Published in Monthly Notices of the Royal Astronomical Society: Letters the 31 October 2020.

Co-autor of a publication!

Finally! the work of my undergraduate thesis contributed to the study of the formation of superclusters in cosmological simulations. In recent days my thesis advisor together with another undergraduate student wrote a paper where they consolidate the work of some students, including me, in the study of galactic superclusters and their formation in contemporary cosmological simulations (large simulations of structure formation in the universe ) that take into account the cosmology in which we believe our universe unfolds: The lambda-CDM cosmology.

what’s in the paper?

Superclusters are a convenient way to partition and characterize the large scale structure of the Universe. In this Letter we explore the advantages of defining superclusters as watershed basins in the divergence velocity field. We apply this definition on diverse datasets generated from linear theory and N-body simulations, with different grid sizes, smoothing scales and types of tracers. From this framework emerges a linear scaling relation between the average supercluster size and the autocorrelation length in the divergence field, a result that holds for one order of magnitude from 10 Mpc/h up to 100 Mpc/h. These results suggest that the divergence-based definition provides a robust context to quantitatively compare results across different observational or computational frameworks. Through its connection with linear theory, it can also facilitate the exploration of how supercluster properties depend on cosmological parameters, paving the way to use superclusters as cosmological probes.

Paper’s abstract

My thesis

My undergraduate thesis work was focused on studying the statistical relevance of superclusters with characteristics similar to the ones observed by Tully et al. in our local supercluster Laniakea. This was made by comparing these characteristics with the ones observed in supercluster formation in cosmological simulations.
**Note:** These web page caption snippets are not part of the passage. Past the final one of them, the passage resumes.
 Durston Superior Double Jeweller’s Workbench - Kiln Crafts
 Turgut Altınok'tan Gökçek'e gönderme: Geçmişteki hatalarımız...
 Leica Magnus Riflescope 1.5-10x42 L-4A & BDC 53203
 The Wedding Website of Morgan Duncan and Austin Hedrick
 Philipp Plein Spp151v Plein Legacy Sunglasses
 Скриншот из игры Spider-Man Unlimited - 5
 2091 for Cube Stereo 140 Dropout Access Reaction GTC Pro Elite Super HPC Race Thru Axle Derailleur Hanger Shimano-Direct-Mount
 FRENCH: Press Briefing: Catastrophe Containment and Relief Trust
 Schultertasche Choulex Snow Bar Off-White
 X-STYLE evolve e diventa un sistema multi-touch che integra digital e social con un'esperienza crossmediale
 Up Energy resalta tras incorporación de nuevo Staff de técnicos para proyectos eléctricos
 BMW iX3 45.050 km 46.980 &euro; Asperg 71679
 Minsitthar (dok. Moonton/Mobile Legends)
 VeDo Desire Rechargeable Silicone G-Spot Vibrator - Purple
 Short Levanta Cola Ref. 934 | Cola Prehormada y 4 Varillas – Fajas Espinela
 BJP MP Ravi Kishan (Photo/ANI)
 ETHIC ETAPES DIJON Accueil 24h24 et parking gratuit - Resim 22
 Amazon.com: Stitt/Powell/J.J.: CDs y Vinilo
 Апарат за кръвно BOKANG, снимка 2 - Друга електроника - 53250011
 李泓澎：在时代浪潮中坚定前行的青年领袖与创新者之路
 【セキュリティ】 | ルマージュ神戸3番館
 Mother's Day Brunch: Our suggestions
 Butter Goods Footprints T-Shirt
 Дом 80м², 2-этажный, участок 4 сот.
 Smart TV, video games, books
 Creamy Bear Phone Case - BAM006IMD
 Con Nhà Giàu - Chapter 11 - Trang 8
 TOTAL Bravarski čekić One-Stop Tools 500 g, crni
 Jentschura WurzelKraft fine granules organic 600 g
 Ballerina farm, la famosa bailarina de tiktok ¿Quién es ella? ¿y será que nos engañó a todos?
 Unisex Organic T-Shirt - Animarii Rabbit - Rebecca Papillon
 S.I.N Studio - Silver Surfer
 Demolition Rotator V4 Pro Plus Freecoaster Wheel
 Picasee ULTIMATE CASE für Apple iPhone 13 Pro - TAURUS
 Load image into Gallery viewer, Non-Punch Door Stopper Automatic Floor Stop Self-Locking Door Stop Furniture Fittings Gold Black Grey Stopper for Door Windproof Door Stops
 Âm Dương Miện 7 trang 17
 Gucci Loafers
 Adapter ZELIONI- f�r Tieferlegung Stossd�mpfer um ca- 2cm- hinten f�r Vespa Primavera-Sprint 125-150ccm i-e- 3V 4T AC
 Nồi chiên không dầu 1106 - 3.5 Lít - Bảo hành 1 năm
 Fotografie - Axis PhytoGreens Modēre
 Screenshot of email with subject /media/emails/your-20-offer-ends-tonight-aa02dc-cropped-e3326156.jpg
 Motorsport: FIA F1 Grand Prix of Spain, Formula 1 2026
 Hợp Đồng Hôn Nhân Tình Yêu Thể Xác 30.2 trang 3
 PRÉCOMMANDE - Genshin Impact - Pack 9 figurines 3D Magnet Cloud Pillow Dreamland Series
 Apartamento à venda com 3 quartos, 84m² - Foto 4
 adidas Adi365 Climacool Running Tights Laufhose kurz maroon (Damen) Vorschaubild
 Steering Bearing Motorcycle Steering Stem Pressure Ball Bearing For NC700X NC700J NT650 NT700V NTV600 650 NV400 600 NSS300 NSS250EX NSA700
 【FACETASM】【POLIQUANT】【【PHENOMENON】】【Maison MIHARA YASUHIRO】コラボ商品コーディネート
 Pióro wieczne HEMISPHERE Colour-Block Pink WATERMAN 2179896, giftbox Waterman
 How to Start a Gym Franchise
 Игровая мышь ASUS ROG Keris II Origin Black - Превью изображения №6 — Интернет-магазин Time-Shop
My method consisted on first identifying the supercluster formation using velocity divergence fields and later, using the watershed algorithm, making a segmentation of the simulated space in superclusters. Over the observed superclusters I analyzed properties such as density, mass, volume and shape arriving to the conclusion that obtaining a supercluster similar to Laniakea was an event of very low probability, implying that Laniakea is atypical in the context of cosmological simulations.